### Try it
Up to and including the line holding "Тойота РАВ 4 2013", write out the data exactly from its first line, but not the pictures.

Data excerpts
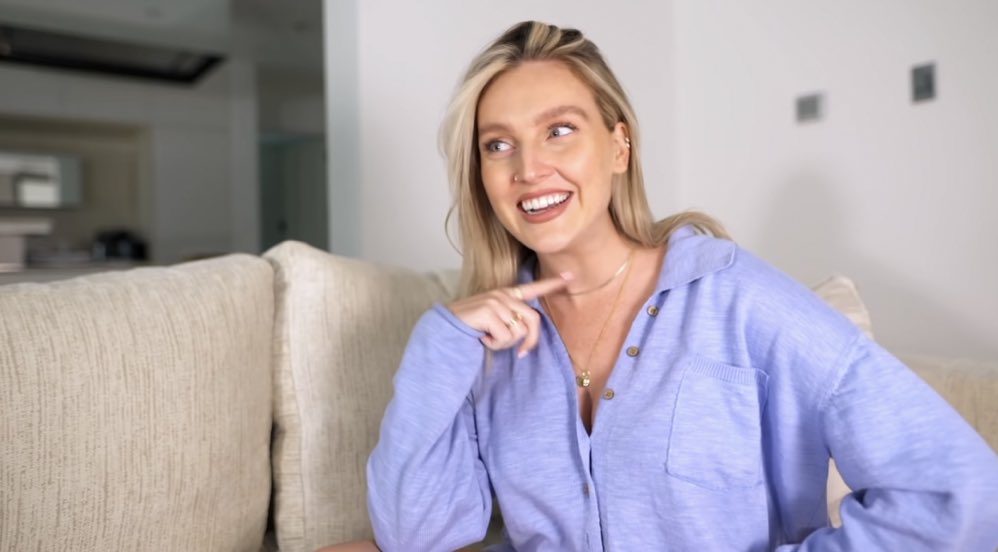 lilrayofperrie's tweet photo. happy #PerrieDay! to the most prettiest, talented vocalist and the best mom! just the purest soul ever, my lil ray of sunshine. you always bring so much joy to our lives. my loml always. thank you blessings us &amp; our ears for 11 years! i love you endlessly perrie 🫂🫂💗💗 https://t.co/teo4CSA9ps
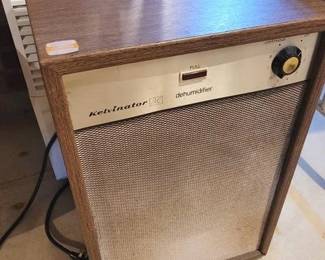 1584 - Kelvinator Dehumidifier You are buying a used as-is electric/electronic item. We do not guarantee all components are present, and if it is not expressly stated, it is untested.
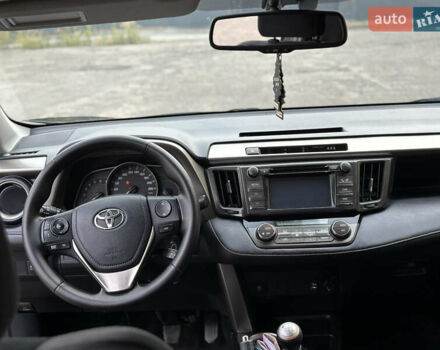 Тойота РАВ 4 2013 в Луцке на Automoto.ua Черный Тойота РАВ 4, объемом двигателя 2 л и пробегом 270 тыс. км за 14700 $, фото 10 на Automoto.ua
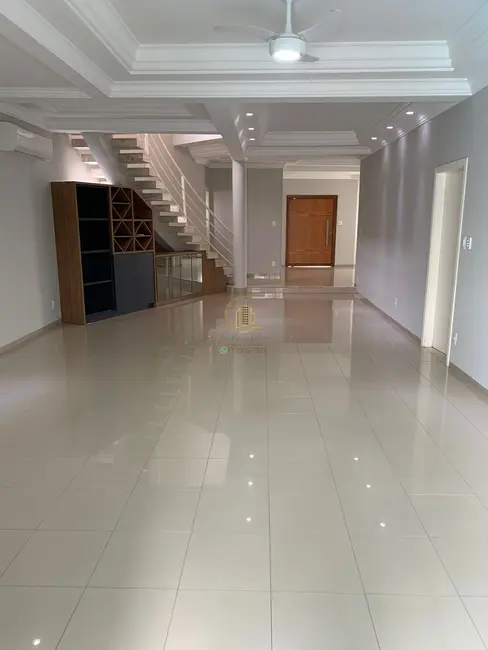 Casa de Condomínio com 3 quartos à venda, 373m2 em Residencial Marcia, Sao Jose Do Rio Preto - SP - imagem 5 Foto 5 de Casa de Condomínio com 3 quartos à venda, 373m2 em Residencial Marcia, Sao Jose Do Rio Preto - SP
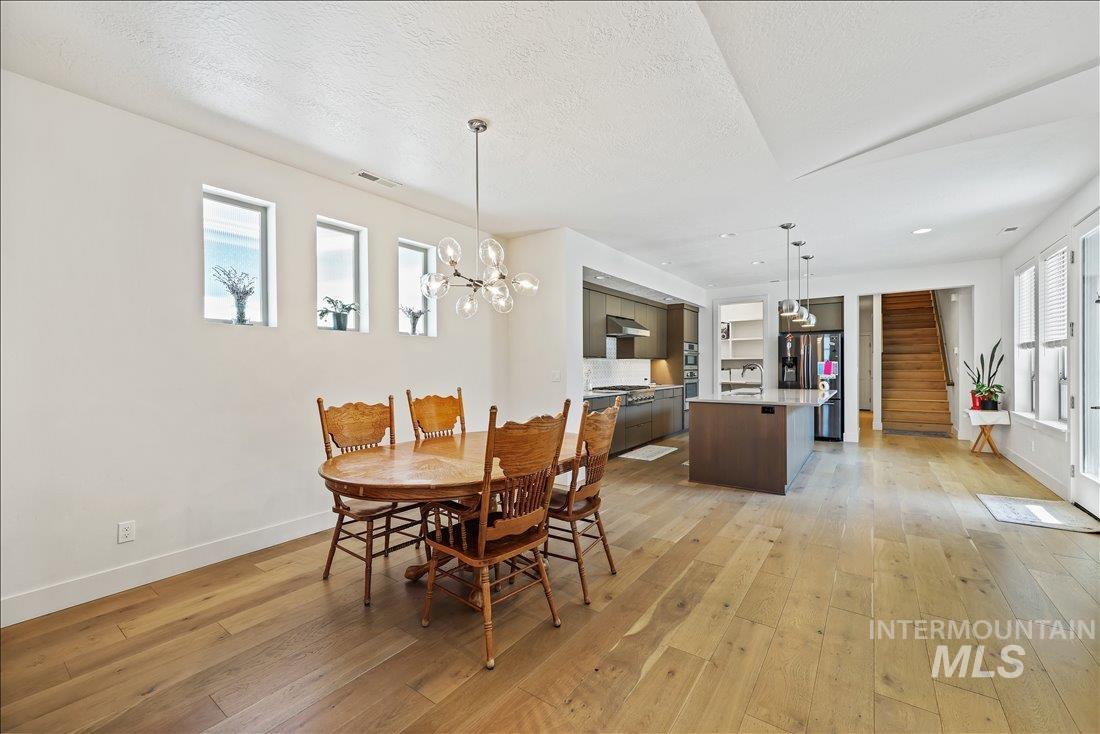 2576 E Warm Springs Ave, Boise, Idaho 83712, 3 Bedrooms, 2.5 Bathrooms, Residential For Sale, Price $795,000,MLS 98975222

### Task solution
 lilrayofperrie's tweet photo. happy #PerrieDay! to the most prettiest, talented vocalist and the best mom! just the purest soul ever, my lil ray of sunshine. you always bring so much joy to our lives. my loml always. thank you blessings us &amp; our ears for 11 years! i love you endlessly perrie 🫂🫂💗💗 https://t.co/teo4CSA9ps
 1584 - Kelvinator Dehumidifier You are buying a used as-is electric/electronic item. We do not guarantee all components are present, and if it is not expressly stated, it is untested.
 Тойота РАВ 4 2013 в Луцке на Automoto.ua Черный Тойота РАВ 4, объемом двигателя 2 л и пробегом 270 тыс. км за 14700 $, фото 10 на Automoto.ua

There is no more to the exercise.